Therefore, it may sometimes be required when casting over the end
fitting, to post-compress said press fitting after casting.
Therefore, the insulating jacket is not cast about the end fitting
in most embodiments in order to avoid said problem. Therefore,
preheating the end fitting is certainly not required in this case.
The non-jacketed interface between the rod and the end fitting thus
created is covered by the corona shield and sealed.
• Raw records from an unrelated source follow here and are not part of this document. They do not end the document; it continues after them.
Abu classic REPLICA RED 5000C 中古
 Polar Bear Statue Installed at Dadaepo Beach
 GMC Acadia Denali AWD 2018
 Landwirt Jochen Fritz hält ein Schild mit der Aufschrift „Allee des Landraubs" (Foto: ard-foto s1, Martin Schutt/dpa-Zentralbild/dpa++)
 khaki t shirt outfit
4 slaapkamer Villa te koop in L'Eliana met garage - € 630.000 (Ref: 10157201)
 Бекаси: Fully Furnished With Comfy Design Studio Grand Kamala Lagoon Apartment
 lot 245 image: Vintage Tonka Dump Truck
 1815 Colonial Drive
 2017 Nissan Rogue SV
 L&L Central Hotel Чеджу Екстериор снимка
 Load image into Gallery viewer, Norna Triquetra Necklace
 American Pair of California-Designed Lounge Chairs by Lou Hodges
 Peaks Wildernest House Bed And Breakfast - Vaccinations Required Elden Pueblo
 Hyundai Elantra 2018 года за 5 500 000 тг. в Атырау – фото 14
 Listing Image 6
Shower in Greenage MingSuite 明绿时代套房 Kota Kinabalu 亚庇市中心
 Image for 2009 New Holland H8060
[0039] Generally, jacketing the rod is still performed before the
end fittings are mounted at the rod and e.g. pressed together
therewith. In order for the rod to be insertable into the end
fittings after casting, and in order to be e.g. crimpable with
them, the rod ends are not jacketed in most embodiments. Thus, no
insulating jacket is cast in these embodiments in the end portion
of the rod, where it is inserted into a hole in an end fitting and
crimped together therewith. Generally, the cast insulating jacket
thus does not extend exactly directly to the end portion to be kept
open, but it terminates exactly a short distance in front of it,
e.g. in the order of magnitude of 1 mm. Furthermore, maintaining a
distance of this magnitude is also useful in order to assure that
the rod can actually be completely inserted into the hole of the
end fitting. As a consequence, there is an interface at the
transition from the rod to the end fitting where, viewed from the
center of the insulator, the portion of the rod begins, which
portion is impressed into the end fitting, where the rod surface is
initially provided without a cast insulating jacket. At this
location, in principle, there would be a risk that water can
penetrate between the rod and the insulating jacket and can then
creep possibly along the rod on the inside. In said embodiments,
however, the corona shield cavity covers said interface with an
initially free rod surface, and the sealant compound inducted into
the cavity seals it. The corona shield thus prevents in these
embodiments that water can penetrate between the rod and the
insulating jacket.
[0040] As already recited supra, the corona shields described
herein are formed components, which can be manufactured separately.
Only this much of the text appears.